In the middle of the broad, fertile plain that stretches away in the direction of the Rhine, a mile and a quarter from Mulhausen, the camp was pitched. In the fitful light of the overcast August day, beneath the lowering sky that was filled with heavy drifting clouds, the long lines of squat white shelter-tents seemed to cower closer to the ground, and the muskets, stacked at regular intervals along the regimental fronts, made little spots of brightness, while over all the sentries with loaded pieces kept watch and ward, motionless as statues, straining their eyes to pierce the purplish mists that lay on the horizon and showed where the mighty river ran.
It was about five o’clock when they had come in from Belfort; it was now eight, and the men had only just received their rations. There could be no distribution of wood, however, the wagons having gone astray, and it had therefore been impossible for them to make fires and warm their soup. They had consequently been obliged to content themselves as best they might, washing down their dry hard-tack with copious draughts of brandy, a proceeding that was not calculated greatly to help their tired legs after their long march. Near the canteen, however, behind the stacks of muskets, there were two soldiers pertinaciously endeavoring to elicit a blaze from a small pile of green wood, the trunks of some small trees that they had chopped down with their sword-bayonets, and that were obstinately determined not to burn. The cloud of thick, black smoke, rising slowly in the evening air, added to the general cheerlessness of the scene.

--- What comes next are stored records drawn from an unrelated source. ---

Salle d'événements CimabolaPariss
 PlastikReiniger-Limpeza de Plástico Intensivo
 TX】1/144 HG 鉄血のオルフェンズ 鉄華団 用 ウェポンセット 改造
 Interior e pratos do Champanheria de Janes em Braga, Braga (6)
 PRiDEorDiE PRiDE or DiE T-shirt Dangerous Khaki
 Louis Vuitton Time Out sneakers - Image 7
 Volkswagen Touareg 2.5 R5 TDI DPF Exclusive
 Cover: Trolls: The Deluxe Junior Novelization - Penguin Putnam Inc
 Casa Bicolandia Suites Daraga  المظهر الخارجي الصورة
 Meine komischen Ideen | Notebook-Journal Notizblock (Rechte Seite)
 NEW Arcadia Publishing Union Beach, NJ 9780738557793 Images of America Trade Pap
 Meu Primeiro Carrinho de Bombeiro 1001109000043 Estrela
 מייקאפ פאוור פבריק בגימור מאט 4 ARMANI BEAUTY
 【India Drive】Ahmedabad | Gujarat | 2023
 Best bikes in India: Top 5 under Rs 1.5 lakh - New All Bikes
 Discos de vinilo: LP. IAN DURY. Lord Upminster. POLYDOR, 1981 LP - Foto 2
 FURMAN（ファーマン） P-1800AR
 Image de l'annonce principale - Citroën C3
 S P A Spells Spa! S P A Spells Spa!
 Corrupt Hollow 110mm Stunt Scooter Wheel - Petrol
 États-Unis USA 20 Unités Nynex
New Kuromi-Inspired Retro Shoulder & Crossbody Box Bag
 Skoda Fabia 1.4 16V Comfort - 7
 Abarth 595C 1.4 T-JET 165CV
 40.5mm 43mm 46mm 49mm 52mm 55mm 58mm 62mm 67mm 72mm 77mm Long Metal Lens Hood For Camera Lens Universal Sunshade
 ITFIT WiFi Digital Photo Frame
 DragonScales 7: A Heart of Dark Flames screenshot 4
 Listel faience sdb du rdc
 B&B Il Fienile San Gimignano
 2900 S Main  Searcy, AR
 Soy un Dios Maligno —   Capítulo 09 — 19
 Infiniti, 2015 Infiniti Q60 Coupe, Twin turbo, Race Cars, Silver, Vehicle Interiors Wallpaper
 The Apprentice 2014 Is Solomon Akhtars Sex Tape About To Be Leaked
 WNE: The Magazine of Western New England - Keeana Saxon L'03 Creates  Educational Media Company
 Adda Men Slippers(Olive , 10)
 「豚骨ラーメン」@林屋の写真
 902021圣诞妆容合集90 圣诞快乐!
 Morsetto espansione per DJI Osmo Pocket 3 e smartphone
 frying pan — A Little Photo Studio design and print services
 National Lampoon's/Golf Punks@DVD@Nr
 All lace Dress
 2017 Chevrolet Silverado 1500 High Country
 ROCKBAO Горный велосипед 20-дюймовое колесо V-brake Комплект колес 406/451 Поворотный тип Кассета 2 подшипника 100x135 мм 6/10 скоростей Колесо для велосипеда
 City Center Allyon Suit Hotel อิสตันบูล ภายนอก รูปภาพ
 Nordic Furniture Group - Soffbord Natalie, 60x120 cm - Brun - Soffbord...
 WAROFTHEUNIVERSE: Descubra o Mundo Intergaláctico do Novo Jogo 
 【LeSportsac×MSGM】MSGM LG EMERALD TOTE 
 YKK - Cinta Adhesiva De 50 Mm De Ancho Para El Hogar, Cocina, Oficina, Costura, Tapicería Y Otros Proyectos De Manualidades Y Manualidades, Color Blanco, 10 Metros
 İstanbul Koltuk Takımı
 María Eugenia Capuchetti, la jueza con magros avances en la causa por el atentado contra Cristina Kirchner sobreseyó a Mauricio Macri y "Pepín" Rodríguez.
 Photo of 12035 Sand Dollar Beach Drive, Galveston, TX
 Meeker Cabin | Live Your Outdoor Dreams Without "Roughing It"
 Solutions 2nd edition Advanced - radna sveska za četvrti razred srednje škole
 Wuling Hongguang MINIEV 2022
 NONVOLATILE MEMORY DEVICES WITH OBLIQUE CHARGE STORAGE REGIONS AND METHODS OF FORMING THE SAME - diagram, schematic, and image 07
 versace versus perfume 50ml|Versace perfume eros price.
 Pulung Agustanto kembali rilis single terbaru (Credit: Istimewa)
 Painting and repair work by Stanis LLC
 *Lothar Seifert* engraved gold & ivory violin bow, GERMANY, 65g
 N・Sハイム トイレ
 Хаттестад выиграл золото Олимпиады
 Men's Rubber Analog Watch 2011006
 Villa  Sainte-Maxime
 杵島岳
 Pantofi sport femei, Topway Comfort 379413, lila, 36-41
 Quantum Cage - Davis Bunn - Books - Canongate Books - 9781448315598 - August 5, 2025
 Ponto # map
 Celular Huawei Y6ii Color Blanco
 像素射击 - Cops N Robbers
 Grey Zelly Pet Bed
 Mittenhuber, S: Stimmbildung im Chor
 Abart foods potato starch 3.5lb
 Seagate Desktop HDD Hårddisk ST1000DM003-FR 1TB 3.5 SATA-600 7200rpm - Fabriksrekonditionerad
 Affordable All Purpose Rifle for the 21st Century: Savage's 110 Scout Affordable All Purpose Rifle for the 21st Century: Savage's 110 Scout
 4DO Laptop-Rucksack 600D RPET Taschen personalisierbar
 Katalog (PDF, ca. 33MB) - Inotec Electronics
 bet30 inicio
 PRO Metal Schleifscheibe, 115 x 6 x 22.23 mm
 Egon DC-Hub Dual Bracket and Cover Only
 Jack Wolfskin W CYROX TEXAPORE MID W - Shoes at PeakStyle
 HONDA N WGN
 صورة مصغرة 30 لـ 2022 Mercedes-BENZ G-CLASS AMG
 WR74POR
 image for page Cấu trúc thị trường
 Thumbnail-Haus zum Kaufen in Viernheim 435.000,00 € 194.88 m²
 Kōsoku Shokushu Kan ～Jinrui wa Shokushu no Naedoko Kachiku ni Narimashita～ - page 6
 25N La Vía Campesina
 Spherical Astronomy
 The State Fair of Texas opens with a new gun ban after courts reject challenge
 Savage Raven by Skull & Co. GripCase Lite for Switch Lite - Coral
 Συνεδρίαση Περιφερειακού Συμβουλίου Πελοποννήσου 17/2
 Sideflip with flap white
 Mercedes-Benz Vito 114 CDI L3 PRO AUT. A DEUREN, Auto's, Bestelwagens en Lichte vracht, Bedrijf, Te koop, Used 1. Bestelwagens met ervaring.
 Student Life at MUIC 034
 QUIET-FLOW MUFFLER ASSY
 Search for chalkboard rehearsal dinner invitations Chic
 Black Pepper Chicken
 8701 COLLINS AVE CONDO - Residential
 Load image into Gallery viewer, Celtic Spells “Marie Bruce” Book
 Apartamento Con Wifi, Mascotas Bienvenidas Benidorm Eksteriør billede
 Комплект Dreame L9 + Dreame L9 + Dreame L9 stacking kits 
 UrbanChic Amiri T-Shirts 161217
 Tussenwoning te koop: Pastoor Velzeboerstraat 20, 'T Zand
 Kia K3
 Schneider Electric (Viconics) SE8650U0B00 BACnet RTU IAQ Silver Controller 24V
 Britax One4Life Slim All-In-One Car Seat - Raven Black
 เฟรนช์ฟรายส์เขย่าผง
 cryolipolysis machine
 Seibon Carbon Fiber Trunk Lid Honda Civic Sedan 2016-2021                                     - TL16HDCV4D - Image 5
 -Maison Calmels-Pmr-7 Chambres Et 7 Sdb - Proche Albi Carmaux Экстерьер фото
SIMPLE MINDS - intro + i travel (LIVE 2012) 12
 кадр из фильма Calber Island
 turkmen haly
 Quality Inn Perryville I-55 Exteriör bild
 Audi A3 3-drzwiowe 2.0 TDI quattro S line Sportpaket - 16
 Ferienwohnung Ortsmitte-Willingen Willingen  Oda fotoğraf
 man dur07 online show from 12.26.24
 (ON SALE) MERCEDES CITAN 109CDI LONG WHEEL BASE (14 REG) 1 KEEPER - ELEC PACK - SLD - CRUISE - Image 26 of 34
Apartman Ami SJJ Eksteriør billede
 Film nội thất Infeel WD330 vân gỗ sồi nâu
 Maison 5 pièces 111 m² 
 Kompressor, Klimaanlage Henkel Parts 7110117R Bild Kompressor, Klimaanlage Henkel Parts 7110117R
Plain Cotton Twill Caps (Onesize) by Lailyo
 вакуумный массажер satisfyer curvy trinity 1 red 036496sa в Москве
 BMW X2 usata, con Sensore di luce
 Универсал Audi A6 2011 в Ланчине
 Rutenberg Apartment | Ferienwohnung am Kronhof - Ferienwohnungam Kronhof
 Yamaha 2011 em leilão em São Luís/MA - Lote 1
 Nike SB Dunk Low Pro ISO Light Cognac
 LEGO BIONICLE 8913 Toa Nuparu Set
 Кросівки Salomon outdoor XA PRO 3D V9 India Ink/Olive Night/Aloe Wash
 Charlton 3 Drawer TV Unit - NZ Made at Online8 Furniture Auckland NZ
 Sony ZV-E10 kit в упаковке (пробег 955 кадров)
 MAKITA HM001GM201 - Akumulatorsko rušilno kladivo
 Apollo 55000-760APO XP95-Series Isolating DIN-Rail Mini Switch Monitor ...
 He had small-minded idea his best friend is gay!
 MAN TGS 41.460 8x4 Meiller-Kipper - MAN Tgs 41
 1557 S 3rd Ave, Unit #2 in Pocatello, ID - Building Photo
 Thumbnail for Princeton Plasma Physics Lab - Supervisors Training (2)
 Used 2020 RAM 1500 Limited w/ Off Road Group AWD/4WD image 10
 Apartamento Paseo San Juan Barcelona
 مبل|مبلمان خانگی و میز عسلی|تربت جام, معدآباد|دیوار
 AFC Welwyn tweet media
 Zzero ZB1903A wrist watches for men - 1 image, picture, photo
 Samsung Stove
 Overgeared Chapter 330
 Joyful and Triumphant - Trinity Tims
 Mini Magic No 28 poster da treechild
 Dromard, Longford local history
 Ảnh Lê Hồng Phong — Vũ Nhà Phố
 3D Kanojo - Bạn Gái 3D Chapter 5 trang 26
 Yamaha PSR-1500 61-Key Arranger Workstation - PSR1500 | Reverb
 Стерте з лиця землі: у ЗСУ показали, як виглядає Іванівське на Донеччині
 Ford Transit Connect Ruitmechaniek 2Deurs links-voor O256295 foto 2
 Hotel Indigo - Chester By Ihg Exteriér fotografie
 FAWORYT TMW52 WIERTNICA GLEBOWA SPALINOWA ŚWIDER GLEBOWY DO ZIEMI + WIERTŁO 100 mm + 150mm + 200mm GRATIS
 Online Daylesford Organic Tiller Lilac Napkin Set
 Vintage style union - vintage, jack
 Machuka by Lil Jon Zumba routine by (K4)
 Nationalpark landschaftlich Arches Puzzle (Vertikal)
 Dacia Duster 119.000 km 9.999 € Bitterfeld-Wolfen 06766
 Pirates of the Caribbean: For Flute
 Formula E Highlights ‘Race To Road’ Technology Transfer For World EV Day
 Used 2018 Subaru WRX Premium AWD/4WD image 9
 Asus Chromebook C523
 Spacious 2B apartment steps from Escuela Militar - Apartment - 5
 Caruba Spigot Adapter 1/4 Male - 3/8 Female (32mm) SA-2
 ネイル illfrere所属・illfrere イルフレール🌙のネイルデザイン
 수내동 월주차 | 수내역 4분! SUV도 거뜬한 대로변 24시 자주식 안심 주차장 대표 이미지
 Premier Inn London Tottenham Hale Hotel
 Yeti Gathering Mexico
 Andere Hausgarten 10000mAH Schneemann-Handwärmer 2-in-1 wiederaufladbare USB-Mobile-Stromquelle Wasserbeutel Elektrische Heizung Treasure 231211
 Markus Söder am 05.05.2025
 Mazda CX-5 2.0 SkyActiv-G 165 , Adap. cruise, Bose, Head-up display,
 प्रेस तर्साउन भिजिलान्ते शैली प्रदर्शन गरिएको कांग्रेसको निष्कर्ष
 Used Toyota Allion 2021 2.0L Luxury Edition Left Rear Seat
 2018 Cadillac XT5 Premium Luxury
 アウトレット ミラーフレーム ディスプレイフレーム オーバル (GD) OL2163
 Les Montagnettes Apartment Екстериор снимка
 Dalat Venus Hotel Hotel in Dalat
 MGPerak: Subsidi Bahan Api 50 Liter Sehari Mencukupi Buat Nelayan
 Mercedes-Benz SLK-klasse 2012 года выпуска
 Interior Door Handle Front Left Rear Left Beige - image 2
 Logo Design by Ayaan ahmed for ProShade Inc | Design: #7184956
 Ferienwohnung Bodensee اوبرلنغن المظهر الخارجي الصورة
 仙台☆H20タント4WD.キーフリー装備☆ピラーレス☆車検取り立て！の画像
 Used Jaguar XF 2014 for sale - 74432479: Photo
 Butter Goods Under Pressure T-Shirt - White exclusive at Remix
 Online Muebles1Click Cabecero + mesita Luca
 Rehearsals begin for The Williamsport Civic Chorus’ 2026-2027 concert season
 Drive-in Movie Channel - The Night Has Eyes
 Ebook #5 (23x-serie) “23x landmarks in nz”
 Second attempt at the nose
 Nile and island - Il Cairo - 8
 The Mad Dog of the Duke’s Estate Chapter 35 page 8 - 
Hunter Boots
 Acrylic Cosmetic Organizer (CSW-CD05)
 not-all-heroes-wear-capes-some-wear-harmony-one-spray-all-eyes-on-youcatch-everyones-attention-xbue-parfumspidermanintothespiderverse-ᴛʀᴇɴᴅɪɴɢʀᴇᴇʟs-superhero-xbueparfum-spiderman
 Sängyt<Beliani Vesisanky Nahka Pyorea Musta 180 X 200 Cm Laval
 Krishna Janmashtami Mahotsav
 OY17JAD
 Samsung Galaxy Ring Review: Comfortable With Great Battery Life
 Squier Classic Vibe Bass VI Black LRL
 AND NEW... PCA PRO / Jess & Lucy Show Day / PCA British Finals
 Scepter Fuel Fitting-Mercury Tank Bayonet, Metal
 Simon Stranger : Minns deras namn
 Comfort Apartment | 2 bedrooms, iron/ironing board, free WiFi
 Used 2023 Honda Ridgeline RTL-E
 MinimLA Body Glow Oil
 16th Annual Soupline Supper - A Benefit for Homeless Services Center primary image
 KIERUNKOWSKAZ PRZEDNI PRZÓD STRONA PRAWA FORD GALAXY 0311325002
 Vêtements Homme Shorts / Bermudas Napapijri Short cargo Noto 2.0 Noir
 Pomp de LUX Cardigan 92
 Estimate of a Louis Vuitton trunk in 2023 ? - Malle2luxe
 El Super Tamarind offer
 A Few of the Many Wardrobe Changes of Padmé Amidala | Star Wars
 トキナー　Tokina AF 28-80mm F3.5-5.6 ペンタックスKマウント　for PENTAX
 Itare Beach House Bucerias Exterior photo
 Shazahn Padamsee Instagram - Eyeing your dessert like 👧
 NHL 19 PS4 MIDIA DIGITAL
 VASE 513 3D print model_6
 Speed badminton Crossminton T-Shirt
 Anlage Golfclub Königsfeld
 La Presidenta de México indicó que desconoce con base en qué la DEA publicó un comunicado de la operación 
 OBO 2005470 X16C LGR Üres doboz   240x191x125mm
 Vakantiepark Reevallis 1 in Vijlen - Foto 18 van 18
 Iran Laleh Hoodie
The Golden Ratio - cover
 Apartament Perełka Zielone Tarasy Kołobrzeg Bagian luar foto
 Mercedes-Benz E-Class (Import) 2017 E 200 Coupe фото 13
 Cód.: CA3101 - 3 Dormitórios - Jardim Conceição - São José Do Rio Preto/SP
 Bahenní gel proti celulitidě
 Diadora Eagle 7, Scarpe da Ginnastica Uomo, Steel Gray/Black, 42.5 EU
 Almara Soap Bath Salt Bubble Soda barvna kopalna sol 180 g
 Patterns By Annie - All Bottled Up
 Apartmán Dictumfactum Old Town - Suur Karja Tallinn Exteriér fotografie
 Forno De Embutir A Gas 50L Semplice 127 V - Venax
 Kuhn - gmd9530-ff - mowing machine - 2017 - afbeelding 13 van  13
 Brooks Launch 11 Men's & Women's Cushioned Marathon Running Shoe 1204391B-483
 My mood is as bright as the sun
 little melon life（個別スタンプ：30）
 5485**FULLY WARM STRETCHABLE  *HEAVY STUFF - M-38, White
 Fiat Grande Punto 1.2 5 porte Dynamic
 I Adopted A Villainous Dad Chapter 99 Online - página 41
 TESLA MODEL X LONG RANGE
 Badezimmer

There were but twelve thousand men there, all of the 7th corps that the general, Felix Douay, had with him at the time. The 1st division had been ordered to Froeschwiller the day before; the 3d was still at Lyons, and it had been decided to leave Belfort and hurry to the front with the 2d division, the reserve artillery, and an incomplete division of cavalry. Fires had been seen at Lorrach. The sous-prefet at Schelestadt had sent a telegram announcing that the Prussians were preparing to pass the Rhine at Markolsheim. The general did not like his unsupported position on the extreme right, where he was cut off from communication with the other corps, and his movement in the direction of the frontier had been accelerated by the intelligence he had received the day before of the disastrous surprise at Wissembourg. Even if he should not be called on to face the enemy on his own front, he felt that he was likely at any moment to be ordered to march to the relief of the 1st corps. There must be fighting going on, away down the river near Froeschwiller, on that dark and threatening Saturday, that ominous 6th of August; there was premonition of it in the sultry air, and the stray puffs of wind passed shudderingly over the camp as if fraught with tidings of impending evil. And for two days the division had believed that it was marching forth to battle; the men had expected to find the Prussians in their front, at the termination of their forced march from Belfort to Mulhausen.